Breast cancer is still a leading cause of mortality among women, mainly due to late detection, tumor heterogeneity, and limited access to advanced therapies. Therefore, there is a need for precise, reproducible, and affordable tools for diagnostics and therapeutics. Aptamers—synthetic single-stranded oligonucleotides that fold into specific three-dimensional structures—offer high affinity and selectivity for cancer targets, with advantages such as low immunogenicity, chemical stability, and scalable synthesis.
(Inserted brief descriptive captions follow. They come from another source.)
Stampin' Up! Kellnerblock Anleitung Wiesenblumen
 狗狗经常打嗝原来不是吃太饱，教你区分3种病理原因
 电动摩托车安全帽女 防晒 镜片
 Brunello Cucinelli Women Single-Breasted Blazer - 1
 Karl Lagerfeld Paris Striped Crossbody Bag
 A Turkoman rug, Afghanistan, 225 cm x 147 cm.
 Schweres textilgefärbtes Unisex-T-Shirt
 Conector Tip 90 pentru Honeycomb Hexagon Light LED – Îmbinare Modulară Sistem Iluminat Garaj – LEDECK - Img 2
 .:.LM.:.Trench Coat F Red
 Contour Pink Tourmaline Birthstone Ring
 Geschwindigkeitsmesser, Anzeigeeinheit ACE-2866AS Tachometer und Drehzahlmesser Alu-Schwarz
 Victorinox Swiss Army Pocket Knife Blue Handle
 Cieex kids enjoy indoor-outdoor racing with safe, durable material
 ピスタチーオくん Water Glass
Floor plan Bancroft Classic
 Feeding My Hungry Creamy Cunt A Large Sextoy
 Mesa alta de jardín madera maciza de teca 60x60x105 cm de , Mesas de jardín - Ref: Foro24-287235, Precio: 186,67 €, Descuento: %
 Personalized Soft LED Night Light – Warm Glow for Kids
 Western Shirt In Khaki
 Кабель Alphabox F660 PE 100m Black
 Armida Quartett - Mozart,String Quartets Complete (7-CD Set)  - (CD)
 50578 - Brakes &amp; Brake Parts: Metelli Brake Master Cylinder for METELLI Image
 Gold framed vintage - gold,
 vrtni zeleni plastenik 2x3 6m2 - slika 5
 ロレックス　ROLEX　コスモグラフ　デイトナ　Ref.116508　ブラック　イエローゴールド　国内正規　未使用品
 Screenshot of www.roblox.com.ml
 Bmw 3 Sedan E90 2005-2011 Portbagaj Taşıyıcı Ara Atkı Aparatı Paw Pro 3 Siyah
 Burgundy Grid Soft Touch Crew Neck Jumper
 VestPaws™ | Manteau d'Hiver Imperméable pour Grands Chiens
This review summarizes recent progress in the use of aptamers for breast cancer, including biosensors and liquid biopsy applications, prognostic profiling of aggressive subtypes, and therapeutic conjugates such as aptamer–drug and aptamer–siRNA combinations. Upon overcoming current challenges in pharmacokinetics and clinical validation, aptamers should become transformative tools for breast cancer by enabling precision oncology and broad accessibility.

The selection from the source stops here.